The latest figures show more than 600,000 youngsters — nearly one in four — growing up in households with incomes below the government poverty line, and that’s poor.
Nationally, we’re in a four-way tie for a rank of 40 out of 50 states, alongside South Carolina, Louisiana and Tennessee.
It’s worse locally. The statistics, from the Annie E. Casey Foundation, show that fully 28 percent of children in the Georgia’s First Congressional District, which includes Savannah as well as all coastal and several rural counties, were living in poverty in 2015. That’s 46,000 youngsters.
Breaking poverty’s hold on generation after generation has been the goal of countless programs. Growing up poor makes children more likely to suffer health, academic, emotional and social problems. Poverty so often breeds poverty.
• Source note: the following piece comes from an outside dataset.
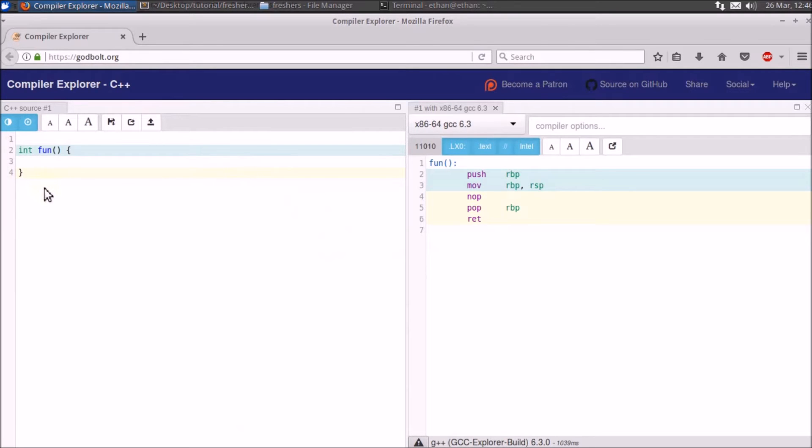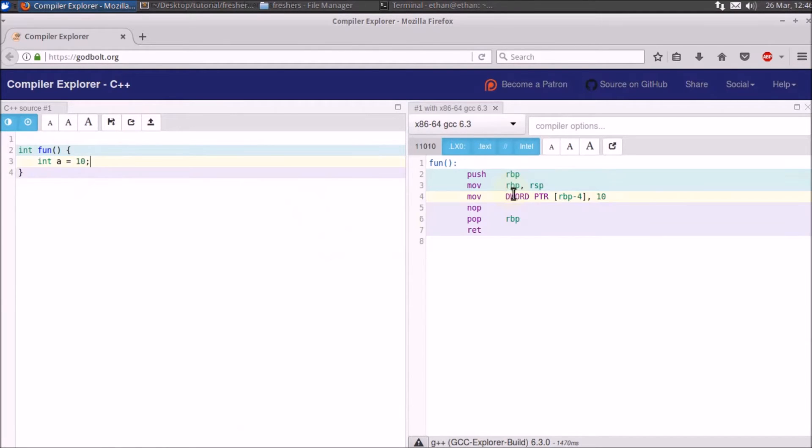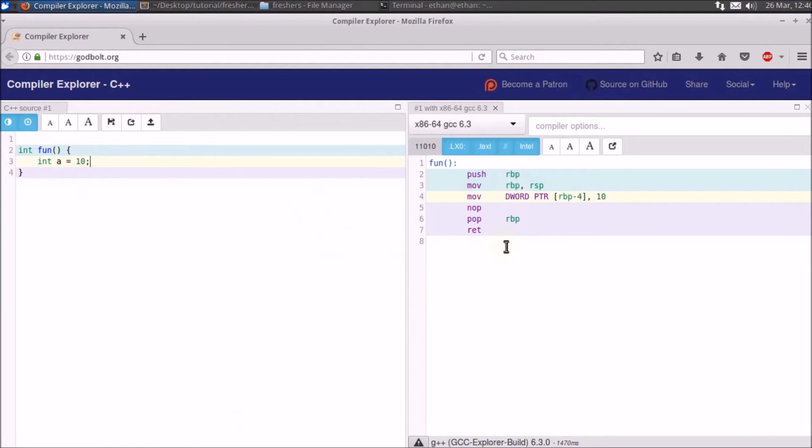The idea is you can write anything like this, like integer a = 10, and it will create the code for that. It's giving you a color-based understanding so that, as you can see here,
It doesn’t have to be that way. New research, including an important, long-running study at the University of Georgia, offers a clue as to how to break the cycle. Not surprisingly, greater parental involvement is key. Quite surprisingly, researchers can read the difference between those with and those without such families in their brain scans, as well as in their conduct and life trajectories.
“When they live in poverty, there are changes in the structure and function of different parts of the brain,” Washington University researcher Deanna Barch said this week on Georgia Public Broadcasting’s program, On Second Thought.
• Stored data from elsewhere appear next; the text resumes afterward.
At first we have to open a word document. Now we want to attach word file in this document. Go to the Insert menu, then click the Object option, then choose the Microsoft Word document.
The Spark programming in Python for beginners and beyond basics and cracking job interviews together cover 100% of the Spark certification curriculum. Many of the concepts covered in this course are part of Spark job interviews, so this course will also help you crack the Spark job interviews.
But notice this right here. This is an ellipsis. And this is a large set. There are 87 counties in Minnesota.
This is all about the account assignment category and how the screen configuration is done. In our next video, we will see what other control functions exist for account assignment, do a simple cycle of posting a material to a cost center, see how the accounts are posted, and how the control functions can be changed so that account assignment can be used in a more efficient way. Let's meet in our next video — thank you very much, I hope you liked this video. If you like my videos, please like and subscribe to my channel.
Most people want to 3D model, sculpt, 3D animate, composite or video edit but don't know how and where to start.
So what’s encouraging about that? The research at Washington University in St. Louis and at the University of Georgia at Athens show that when adults are taught parenting skills, their youngsters behave better and achieve more. And their brains get more developed in certain areas. It’s the parenting that seems to do it.
“Some young people in adolescence who receive supportive parenting develop resilience to the consequences of poverty,” UGA’s Gene Brody told GPB. That was shown through the Washington University research and was put to work through the efforts of Dr. Brody’s team at Georgia’s Center for Family Research.
Using a program called Strong African-American Families and focusing on poor families in rural areas, SAAF offers training to parents. It teaches them how to become more involved with their youngsters, to make disciplinary practices consistent, to communicate more effectively and to create family routines at home. SAAF involves the children, too, in building stronger family relationships.
Dr. Brody’s group offered that intervention 15 years ago to the families of 59 children, all aged 11. They matched those children with 59 who did not enter the SAAF program. The researchers followed the two groups, watching the first set perform better at school than the second, getting into less trouble and avoiding drugs and other conduct that so often leads to downward spirals.
When the subjects turned 25, researchers scanned their brains and saw dramatic differences there, too. The SAAF subjects showed greater development in brain areas dealing with stress tolerance, learning and memory. Blood draws showed lower levels of stress hormones and inflammation, too.
Neither Dr. Brody nor Dr. Barch could say why this happens. But it does happen.
And if that kind of intervention in the lives of 11-year-olds is so effective, surely it could turn around the futures of children who get such help when they are infants and toddlers. It’s during those first five years after birth that the brain grows the most.
In Savannah, that’s what’s going on at Parent University through its Early Learning College. The program offers Saturday sessions to parents and their children, with hundreds participating since its inception in 2012. It helps parents with children of all ages but focuses most of its efforts on the super young where more dramatic changes in the child can occur.
The aim is enhancing the family experience in a non-judgmental, welcoming setting, says Executive Director Michael O’Neal.
Supported through private donations and grants from the city, the county and the school board, Parent University and the Early Learning College serve people who come in on their own as well as parents who’ve been ordered by a court to get help on parenting skills.
Mr. O’Neal says work has begun with the school system to find a way to measure results.
It may not be scientific to say so, but the UGA and Washington University research indicates that Parent University is doing exactly the right thing. Our hope is that with more funding it can grow and help break generational poverty for more young Savannahians. There are thousands who could use it.